EXERCISE:
Output, exactly as written, the lines below starting at the line containing "Teal Milwaukee Brewers" and ending at the line containing "روينزا طقم طلاء". Drop the pictures and keep both end lines.

ENTRIES PROVIDED:
>>>

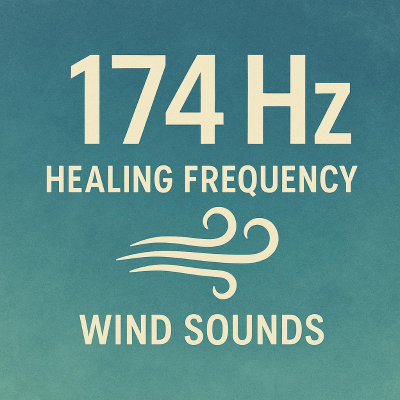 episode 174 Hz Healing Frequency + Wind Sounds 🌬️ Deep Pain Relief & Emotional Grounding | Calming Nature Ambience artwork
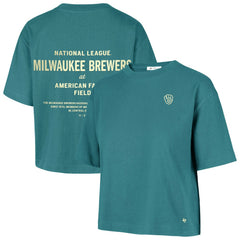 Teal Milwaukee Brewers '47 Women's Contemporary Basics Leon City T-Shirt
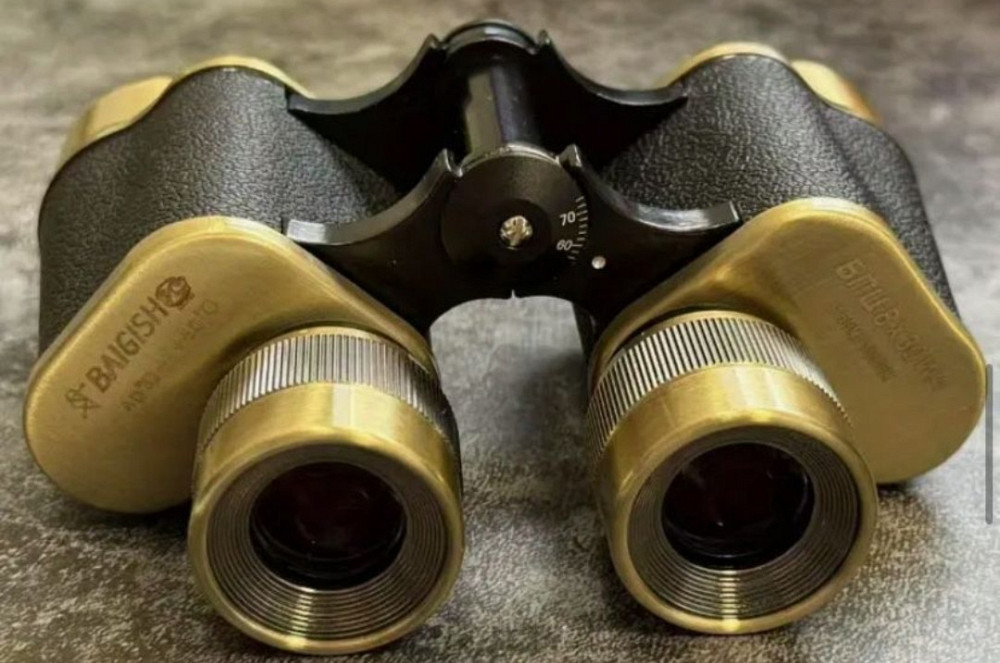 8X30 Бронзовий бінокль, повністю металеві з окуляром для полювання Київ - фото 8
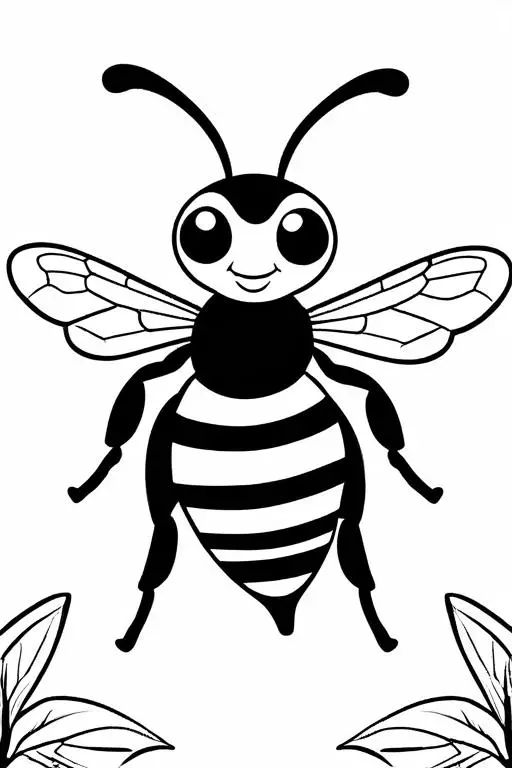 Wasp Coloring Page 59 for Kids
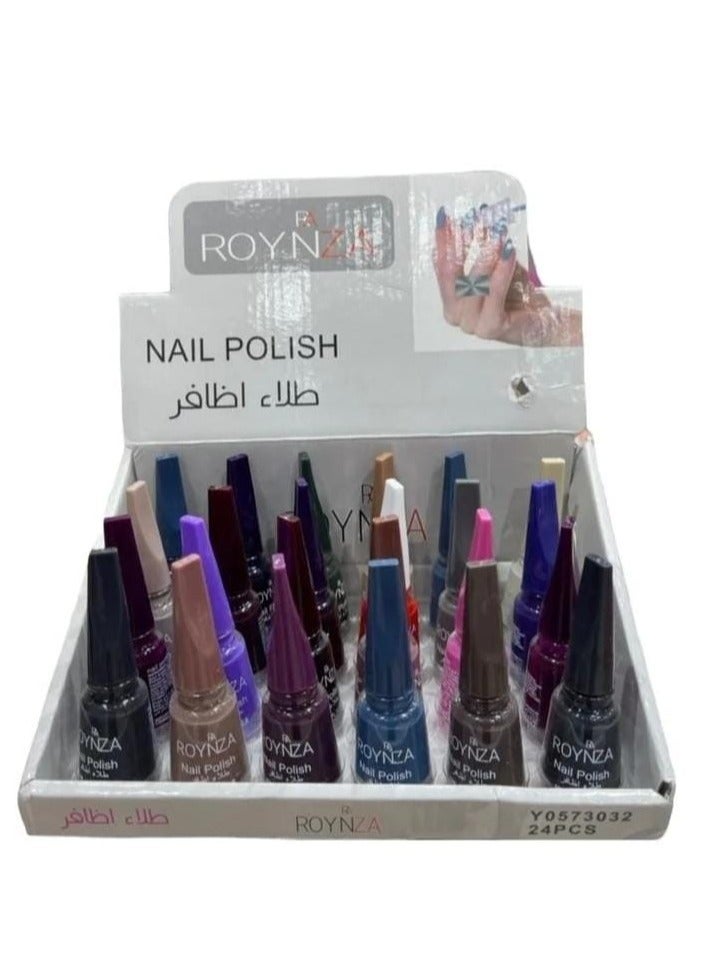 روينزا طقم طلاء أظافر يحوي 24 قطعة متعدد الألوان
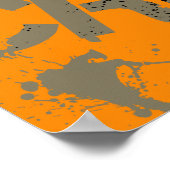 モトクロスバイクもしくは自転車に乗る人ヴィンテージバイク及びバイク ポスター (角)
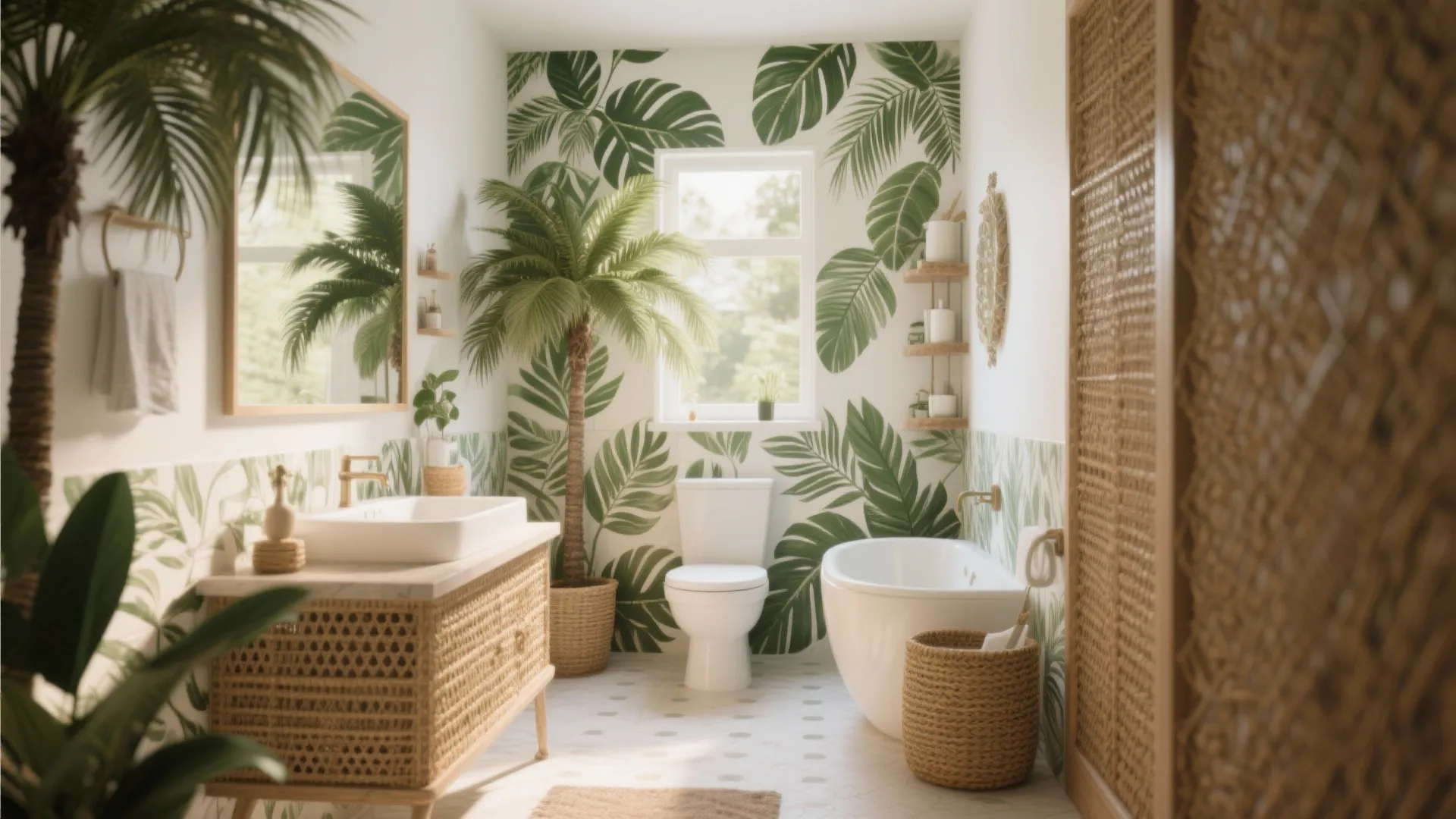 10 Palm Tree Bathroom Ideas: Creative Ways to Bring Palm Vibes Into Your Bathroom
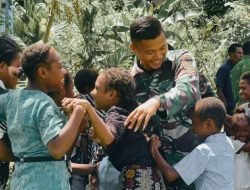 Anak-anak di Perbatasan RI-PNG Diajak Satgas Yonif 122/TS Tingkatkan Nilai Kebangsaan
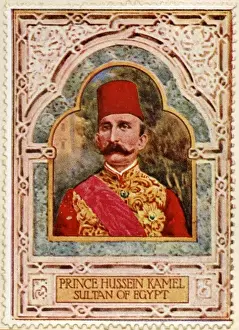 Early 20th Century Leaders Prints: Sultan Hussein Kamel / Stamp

<<<

RESPONSE TO THIS TASK:
 Teal Milwaukee Brewers '47 Women's Contemporary Basics Leon City T-Shirt
 8X30 Бронзовий бінокль, повністю металеві з окуляром для полювання Київ - фото 8
 Wasp Coloring Page 59 for Kids
 روينزا طقم طلاء أظافر يحوي 24 قطعة متعدد الألوان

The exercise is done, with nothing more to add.